YOUR TASK - Once the line with "a living room" is reached, output it and every line after it, exactly, through the end of the records below. Pictures are skipped.

DATA IN THIS EXERCISE -
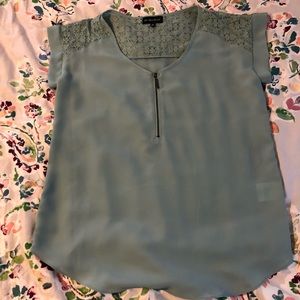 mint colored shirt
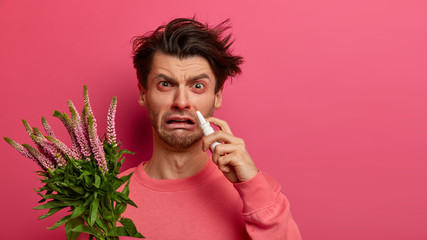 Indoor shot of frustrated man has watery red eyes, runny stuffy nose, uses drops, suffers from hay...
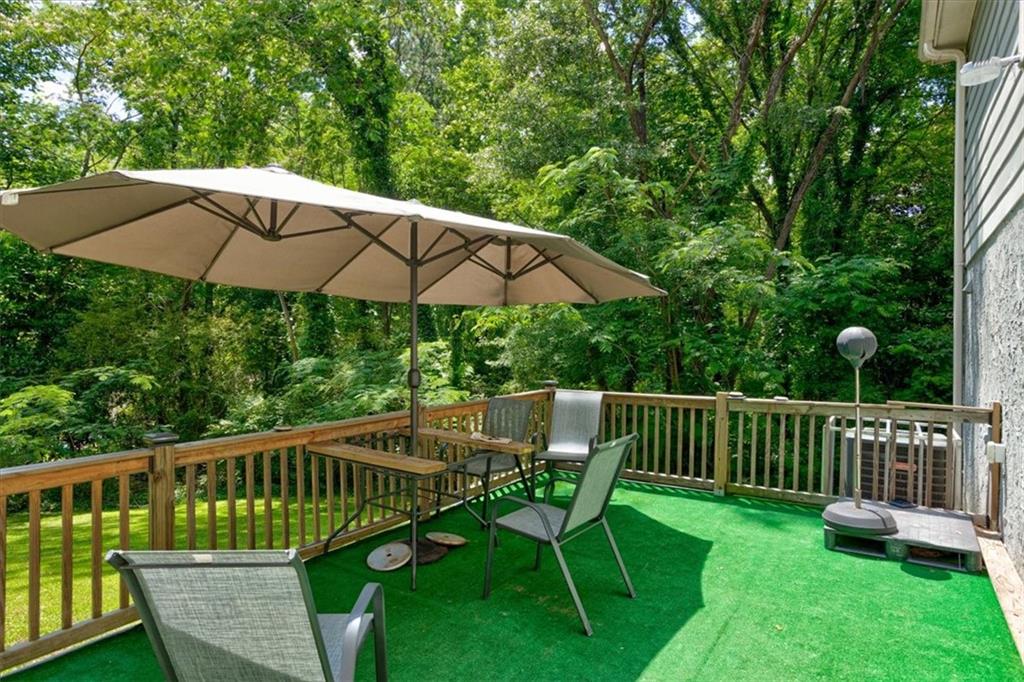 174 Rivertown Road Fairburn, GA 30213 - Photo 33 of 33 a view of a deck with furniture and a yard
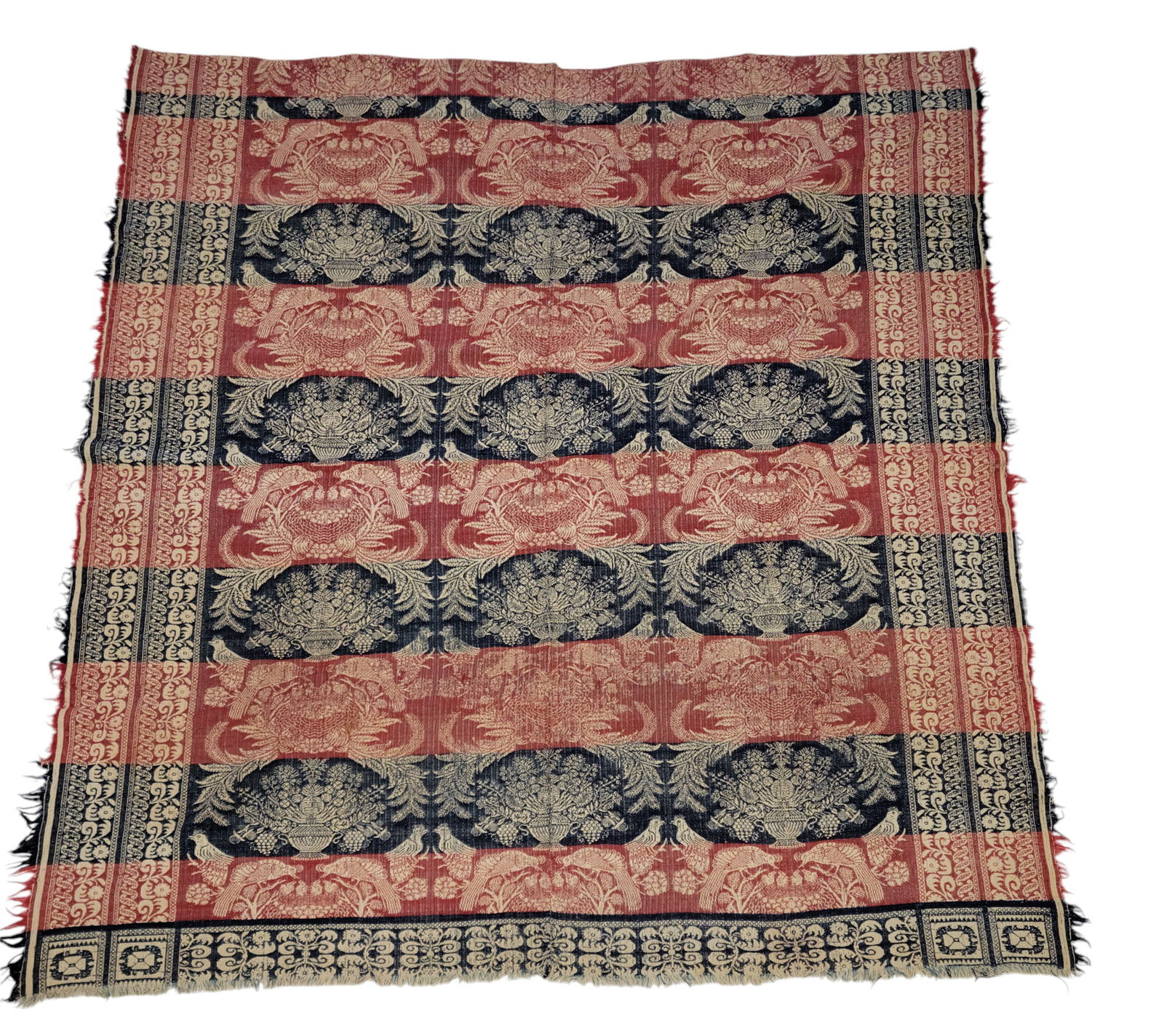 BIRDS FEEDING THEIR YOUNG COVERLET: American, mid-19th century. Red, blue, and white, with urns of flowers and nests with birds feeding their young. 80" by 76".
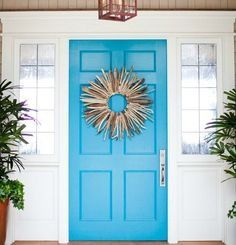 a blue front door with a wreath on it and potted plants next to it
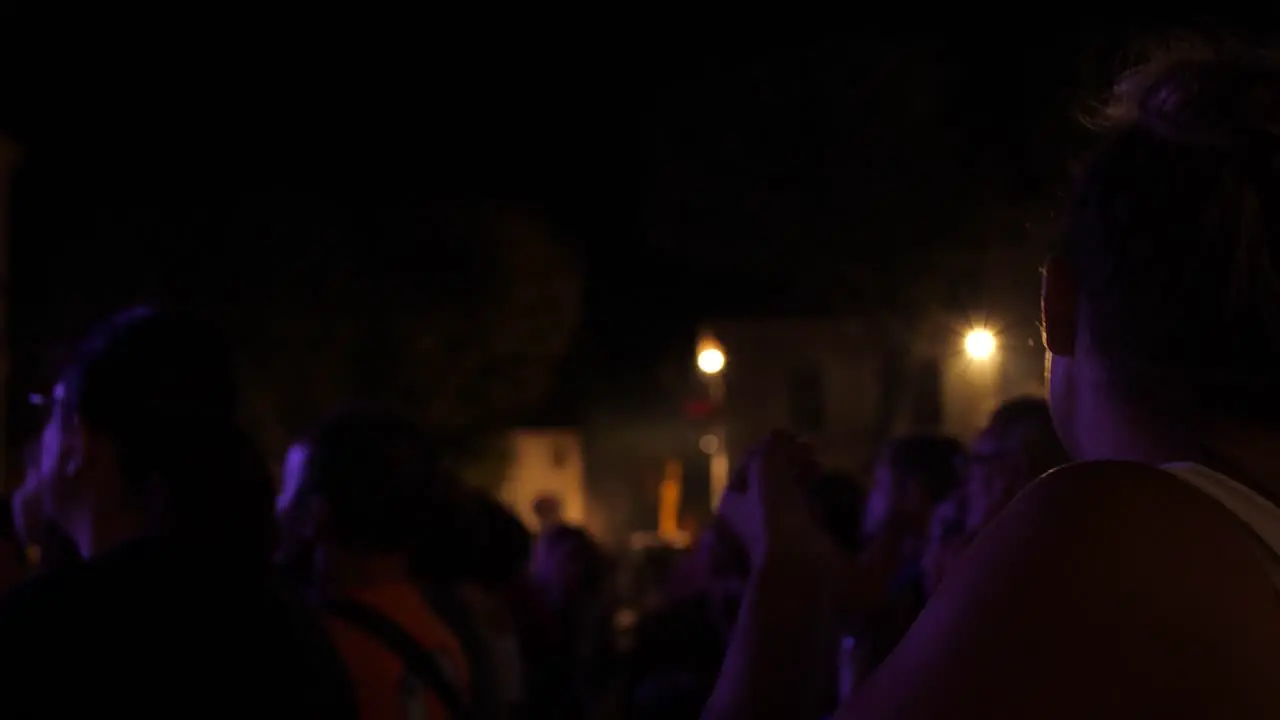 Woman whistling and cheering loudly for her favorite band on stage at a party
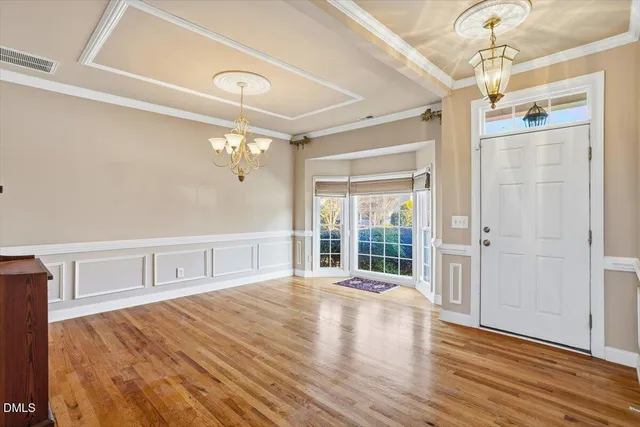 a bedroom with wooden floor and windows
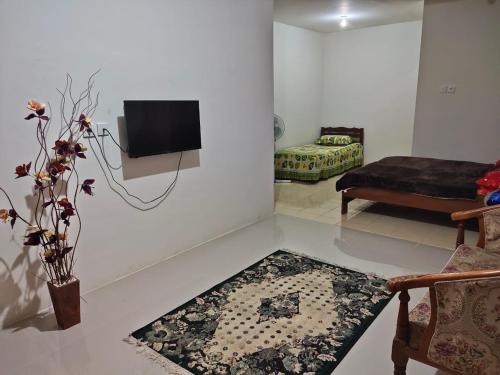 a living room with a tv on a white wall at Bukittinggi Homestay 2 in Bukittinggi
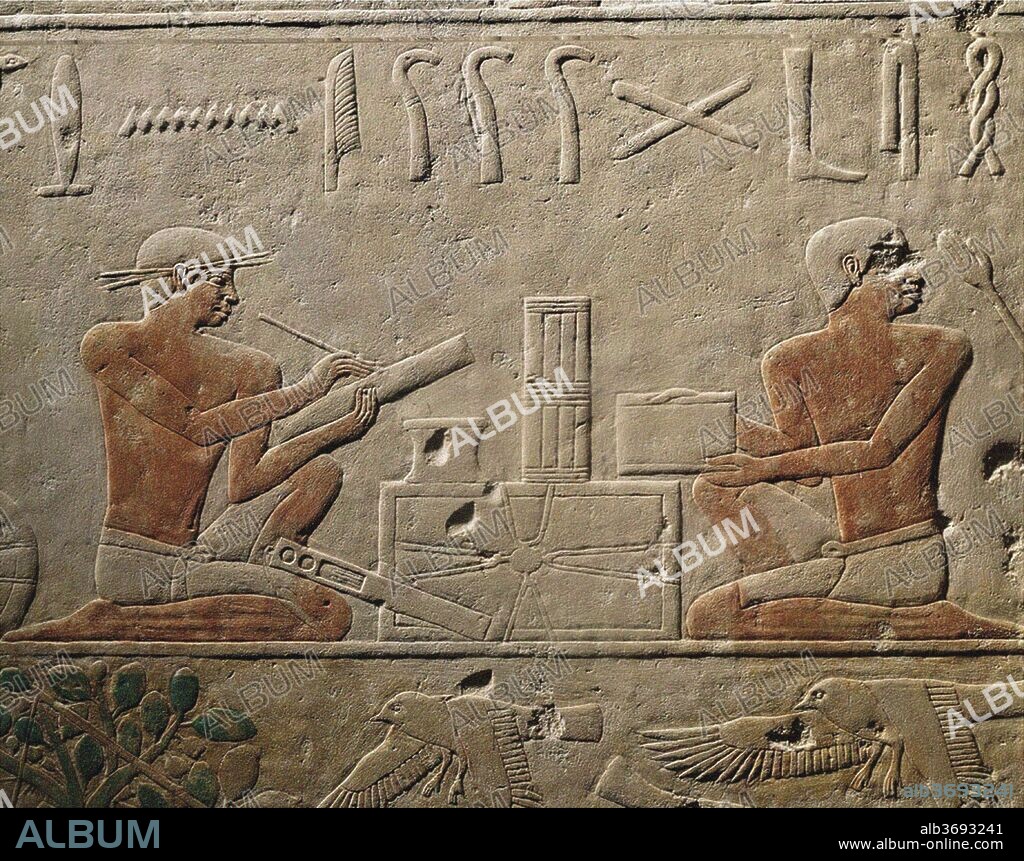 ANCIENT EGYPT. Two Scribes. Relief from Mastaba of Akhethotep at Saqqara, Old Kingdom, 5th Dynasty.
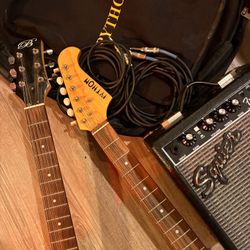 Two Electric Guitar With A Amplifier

RESPONSE AREA -
 a living room with a tv on a white wall at Bukittinggi Homestay 2 in Bukittinggi
 ANCIENT EGYPT. Two Scribes. Relief from Mastaba of Akhethotep at Saqqara, Old Kingdom, 5th Dynasty.
 Two Electric Guitar With A Amplifier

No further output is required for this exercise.